Acknowledge the Complexities

Adopting new architecture may deliver strong cost efficiencies and other quantifiable benefits in the long run, but the acceleration of cloud migration and the increasing complexity of data governance may aggravate the persistent challenges of data fragmentation today. Marketers, for example, will be eager to apply advanced use cases for customer segmentation and measurement, but they may find it challenging to glean insights from data sets across clouds.

Organizations could compile data on their individual clouds, requiring other parties to hand over their relevant data, or limit partnerships to those on their cloud platform. But these options could curtail valuable partnership opportunities, since each participant remains legally accountable for security and governance of customer data regardless of where it is stored, and would risk the exposure of valuable intellectual property (IP). Potential partners’ lack of control over their data can become a significant barrier to collaboration and hampers the ability to connect larger data sets that might reveal valuable insights through SQL queries, machine learning (ML), and artificial intelligence (AI).

Moving data into a clean room—every month, every week, or even every day—to activate data exchange and avoid querying stale data is duplicative and operationally expensive. And consolidating data to a single cloud could create inefficient redundancies that cloud migration was meant to eliminate, undermining trust in the veracity of the data and any insights developed from it.

Learning to Avoid Compromise

Information technology (IT) teams have a tremendous responsibility to ensure data is protected and used safely. IT leaders can mitigate risk while increasing data access and utility by using services distributed across multiple cloud vendors.

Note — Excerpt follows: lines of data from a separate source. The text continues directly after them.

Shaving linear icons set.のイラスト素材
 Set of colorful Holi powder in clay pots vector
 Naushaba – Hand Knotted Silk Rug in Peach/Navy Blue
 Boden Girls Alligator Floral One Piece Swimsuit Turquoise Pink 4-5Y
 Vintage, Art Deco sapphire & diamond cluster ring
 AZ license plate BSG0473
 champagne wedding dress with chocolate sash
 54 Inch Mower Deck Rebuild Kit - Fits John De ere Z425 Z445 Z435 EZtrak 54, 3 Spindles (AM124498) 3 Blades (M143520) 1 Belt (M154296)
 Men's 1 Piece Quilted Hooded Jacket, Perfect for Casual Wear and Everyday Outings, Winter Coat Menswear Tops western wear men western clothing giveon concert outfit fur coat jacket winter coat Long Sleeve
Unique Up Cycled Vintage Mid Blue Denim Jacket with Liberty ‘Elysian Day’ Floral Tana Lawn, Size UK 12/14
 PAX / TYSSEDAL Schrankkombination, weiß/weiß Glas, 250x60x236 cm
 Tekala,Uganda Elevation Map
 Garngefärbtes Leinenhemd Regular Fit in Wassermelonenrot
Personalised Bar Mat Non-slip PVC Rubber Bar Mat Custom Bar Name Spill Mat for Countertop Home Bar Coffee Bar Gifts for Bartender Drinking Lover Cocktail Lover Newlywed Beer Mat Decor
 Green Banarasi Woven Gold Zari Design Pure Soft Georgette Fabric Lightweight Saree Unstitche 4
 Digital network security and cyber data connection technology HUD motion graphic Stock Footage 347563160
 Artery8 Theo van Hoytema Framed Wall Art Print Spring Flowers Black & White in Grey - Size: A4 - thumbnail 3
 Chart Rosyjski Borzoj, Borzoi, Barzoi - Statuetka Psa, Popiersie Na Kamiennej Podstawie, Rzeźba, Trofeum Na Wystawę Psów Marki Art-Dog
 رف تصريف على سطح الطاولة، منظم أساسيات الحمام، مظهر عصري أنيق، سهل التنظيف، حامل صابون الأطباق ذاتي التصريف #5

Using a “federated” technical approach, analysts can conduct SQL queries and advanced analytics to utilize data across borders and silos as if the data were all in one place. This enables permissioned parties to safely access information without having to move or copy the raw data, activating cross-cloud collaboration at scale.

To make collaboration both easier and safer, marketers and analysts are using a number of privacy-enhancing technologies (PETs) to ensure data collaboration maintains strict consumer-privacy standards while allowing data analysts to analyze key measures such as return on advertising spend (ROAS). PETs represent an ever-growing group of technologies that help companies comply with data regulations and partner requirements with respect to using data. Along with adapting a privacy-by-design architecture built on consumer choice, transparency, and control, an enterprise can better orchestrate both inter- and intra-company collaboration across clouds, seamlessly and in a privacy-conscious manner.

IT executives should begin by identifying solutions that can eliminate unnecessary data transfers and improve interoperability across clouds. It’s essential to connect relevant data across platforms and environments safely and easily. By using an interoperable solution to do so, they avoid compromising on simplicity while retaining the flexibility to use best-in-breed applications.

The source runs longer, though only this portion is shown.